Pour tenir ses objectifs, Bercy a déjà prévenu que 12 milliards d’€ d’économies seront nécessaires en 2025. La vague gagne toute l’Europe puisque l’Allemagne, l’Italie ou la Belgique sont également engagés dans ce genre d’arbitrages mortifères.

 

Le coeur du problème, ce sont les recettes de l'Etat

 

Il est possible d'augmenter les recettes de l’Etat. Un prélèvement temporaire sur le patrimoine financier des plus aisés rapporterait par exemple 5 milliards par an, comme préconisé dans dans un récent rapport publié par l’économiste Jean-Pisani Ferry et l’inspectrice générale des finances Selma Mahfouz. Revenir sur la baisse des impôts de production, cadeau fait aux entreprises, rapporterait de son côté 10 milliards. On peut aussi taxer les superprofits ou encore réformer le système d’imposition sur les successions, a rappelé Oxfam cette semaine.

 

Le refus du gouvernement de jouer sur le levier fiscal va conduire à une impasse.

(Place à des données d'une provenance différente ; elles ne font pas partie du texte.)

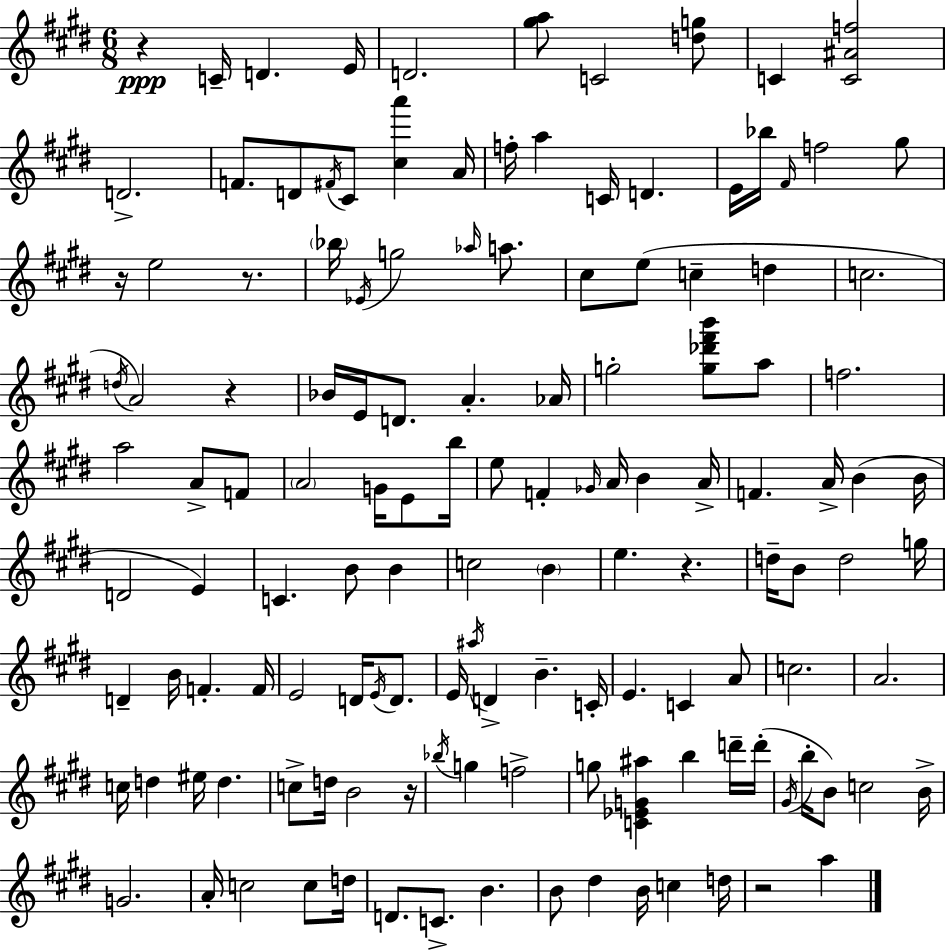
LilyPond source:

D’une part car l’impact des réformes, et notamment celles de l’assurance chômage et des retraites, sur le taux d’emploi est à relativiser selon le Haut conseil des finances publique. Et, d’autre part, parce qu’il est illusoire d’espérer pouvoir croître suffisamment pour répondre à l’ampleur des besoins qui augmentent considérablement.

 

Rien que pour atteindre les objectifs climatiques, il faudrait doubler les dépenses au niveau européen, estime l’institut d’économie du climat I4CE. Sur ce sujet, comme sur la santé, l’éducation ou les dépenses militaires, même la constance des moyens n’est pas un point de référence satisfaisant, insiste Olivier Passet. C’est dire les risques que font courir des coupes budgétaires aussi drastiques.